Leroy Adams: When the pandemic struck brands had to find an appropriate tone of voice. Some terribly failed and left us with entertaining bloopers. Many just uttered the same platitudes as the next brand. Most eventually found the right tone of voice and pivoted their brand towards the changed customer values, buying behaviors and so on. Companies that did a great job at this were Netflix, Ford, Guinness and many more.
However, my biggest COVID takeaway was that brands truly reflected on their societal role and purpose. This was further fueled by the massive social upheavals during this time, like the Black Lives Matter Movement. In 2020 brands stood in solidarity with protestors, employees and even competitors, like a small German frozen pizza brand, which urged its customers to buy at their local Italian restaurant. Some brands even pivoted their businesses to provide crucial equipment to fight the pandemic.
COVID made brands switch from a customer-centric to a more human-centric POV. It made them discover and cultivate their societal responsibility. Sure, many didn’t and still used “we’re in this together” rhetoric. Gladly, people were quick to call bullshit (adidas can relate).
In short: 2020 was the year of growing brand responsibility. And that’s a great indication. I’d love myself a world in which most of our creative thinking was applied to helping brands add more actual value to our lives. Sometimes it’d probably be as simple as not adding more debt to our planet.
AME Awards: What new creative trends have come into play this to deliver creative and effective results?
Leroy Adams: While audio is not a new trend its various new technologies and formats have yet to be fully explored in terms of creative potential. Audio strategy is still gravely underappreciated by many brands. That’s why I’m really looking forward to see if any of this year’s entries used audio in cool ways.

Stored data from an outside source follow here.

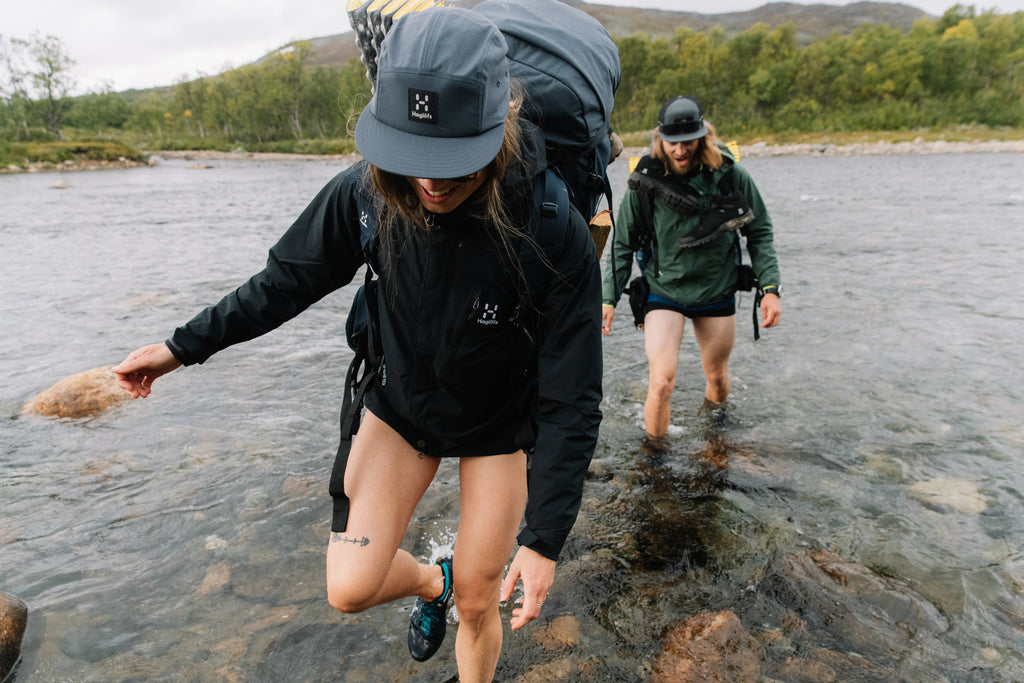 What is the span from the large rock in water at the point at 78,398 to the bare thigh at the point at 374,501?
17.3 ft

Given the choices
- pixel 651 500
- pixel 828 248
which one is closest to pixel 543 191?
pixel 651 500

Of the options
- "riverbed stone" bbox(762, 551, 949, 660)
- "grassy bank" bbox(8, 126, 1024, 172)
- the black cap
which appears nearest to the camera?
"riverbed stone" bbox(762, 551, 949, 660)

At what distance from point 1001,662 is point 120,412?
7566 mm

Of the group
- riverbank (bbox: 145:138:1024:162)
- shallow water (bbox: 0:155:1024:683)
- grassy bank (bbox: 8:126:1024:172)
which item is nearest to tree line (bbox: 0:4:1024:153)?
grassy bank (bbox: 8:126:1024:172)

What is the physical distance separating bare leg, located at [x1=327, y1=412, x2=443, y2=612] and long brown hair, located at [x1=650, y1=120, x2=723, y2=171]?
343 centimetres

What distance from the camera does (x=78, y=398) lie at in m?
6.91

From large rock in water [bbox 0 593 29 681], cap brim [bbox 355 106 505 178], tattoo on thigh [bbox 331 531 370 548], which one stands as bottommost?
large rock in water [bbox 0 593 29 681]

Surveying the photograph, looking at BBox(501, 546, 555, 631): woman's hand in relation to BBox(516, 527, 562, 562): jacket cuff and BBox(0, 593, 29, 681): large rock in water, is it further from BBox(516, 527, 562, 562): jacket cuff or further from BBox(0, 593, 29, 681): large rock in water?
BBox(0, 593, 29, 681): large rock in water

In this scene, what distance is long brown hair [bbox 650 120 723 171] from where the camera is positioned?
5.30 metres

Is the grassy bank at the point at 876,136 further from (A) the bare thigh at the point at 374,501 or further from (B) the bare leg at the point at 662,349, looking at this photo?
(A) the bare thigh at the point at 374,501

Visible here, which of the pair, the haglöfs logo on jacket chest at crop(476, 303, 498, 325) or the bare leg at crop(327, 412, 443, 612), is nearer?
the haglöfs logo on jacket chest at crop(476, 303, 498, 325)

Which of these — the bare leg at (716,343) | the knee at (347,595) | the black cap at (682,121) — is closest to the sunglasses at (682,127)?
the black cap at (682,121)

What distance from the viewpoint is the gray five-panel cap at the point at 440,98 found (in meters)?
1.99

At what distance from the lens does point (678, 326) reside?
566 centimetres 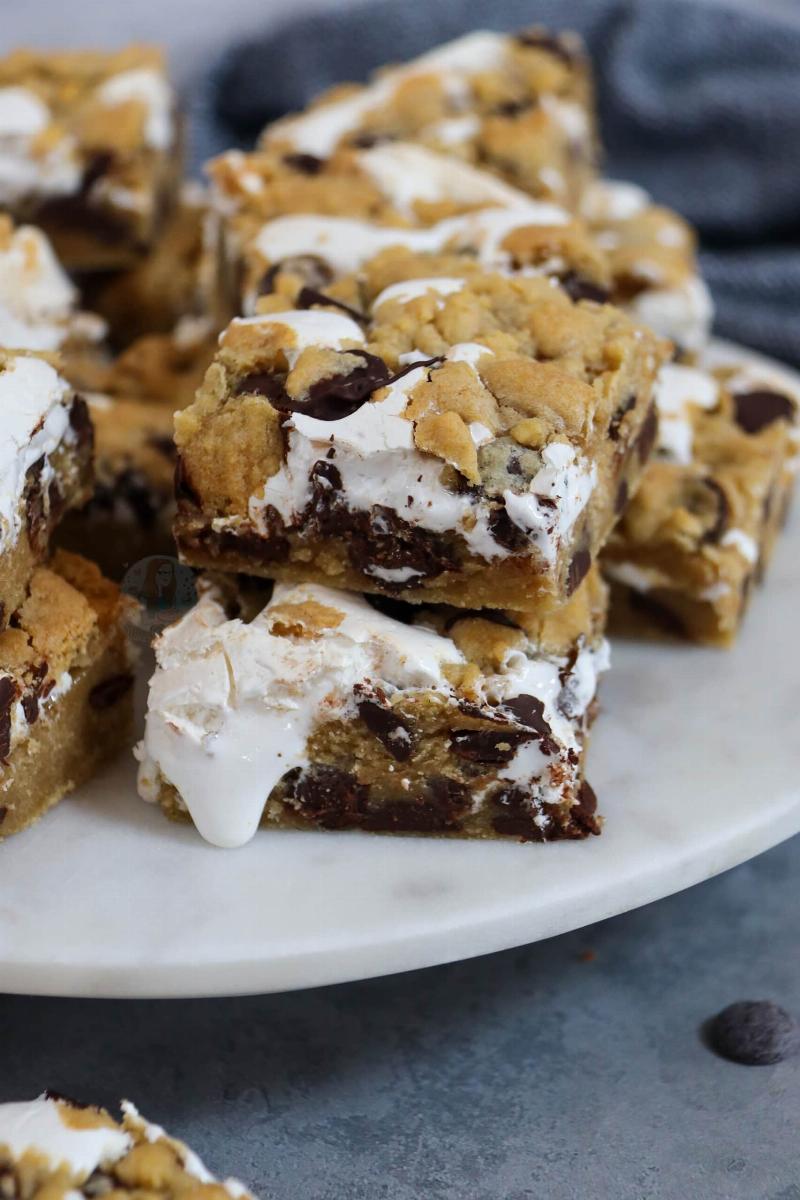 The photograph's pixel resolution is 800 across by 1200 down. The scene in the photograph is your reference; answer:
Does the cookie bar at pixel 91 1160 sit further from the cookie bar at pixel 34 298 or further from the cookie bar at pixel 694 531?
the cookie bar at pixel 34 298

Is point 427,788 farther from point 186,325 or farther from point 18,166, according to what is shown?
point 18,166

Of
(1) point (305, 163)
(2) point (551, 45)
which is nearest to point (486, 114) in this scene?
(2) point (551, 45)

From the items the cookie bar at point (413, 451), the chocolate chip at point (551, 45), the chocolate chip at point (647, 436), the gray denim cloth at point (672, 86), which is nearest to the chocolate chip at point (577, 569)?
the cookie bar at point (413, 451)

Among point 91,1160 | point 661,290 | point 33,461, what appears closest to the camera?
point 91,1160

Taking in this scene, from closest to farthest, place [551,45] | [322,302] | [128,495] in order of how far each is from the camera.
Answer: [322,302] < [128,495] < [551,45]

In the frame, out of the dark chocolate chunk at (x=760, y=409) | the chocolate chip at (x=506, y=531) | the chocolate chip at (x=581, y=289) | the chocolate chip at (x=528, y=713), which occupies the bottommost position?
the dark chocolate chunk at (x=760, y=409)

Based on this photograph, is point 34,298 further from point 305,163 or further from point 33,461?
point 33,461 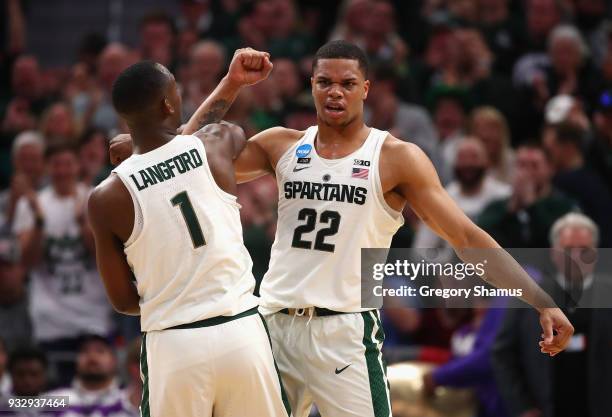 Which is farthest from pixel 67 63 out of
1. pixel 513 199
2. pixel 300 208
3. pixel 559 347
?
pixel 559 347

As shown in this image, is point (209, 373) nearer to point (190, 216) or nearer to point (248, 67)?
point (190, 216)

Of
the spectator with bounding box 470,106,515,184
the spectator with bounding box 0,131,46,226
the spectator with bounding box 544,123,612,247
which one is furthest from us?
the spectator with bounding box 0,131,46,226

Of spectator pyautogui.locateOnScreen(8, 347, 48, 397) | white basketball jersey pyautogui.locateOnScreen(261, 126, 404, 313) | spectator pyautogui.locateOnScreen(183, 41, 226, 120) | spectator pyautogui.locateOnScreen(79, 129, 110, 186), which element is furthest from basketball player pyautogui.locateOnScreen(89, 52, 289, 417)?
spectator pyautogui.locateOnScreen(183, 41, 226, 120)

AME Awards: What is your all time, favorite most creative and effective ad and/or ads (share the link or a visual) and why in your opinion did they triumph?
Leroy Adams: I recently heard professional strongman Robert Oberst say there were only two things he ate during competition: raw peanut-butter with honey or a Snickers. Admittedly Snickers is a great second option if your first option is raw peanut-butter with honey. Still, I want to believe he said that because of the brilliant ‘You are not you when you are hungry’ campaign. Everything about the effectiveness of this campaign has been said but, of course, two things stand out: (1) it delivered on a very true insight and (2) made snickers the only chocolate bar we consider a small meal.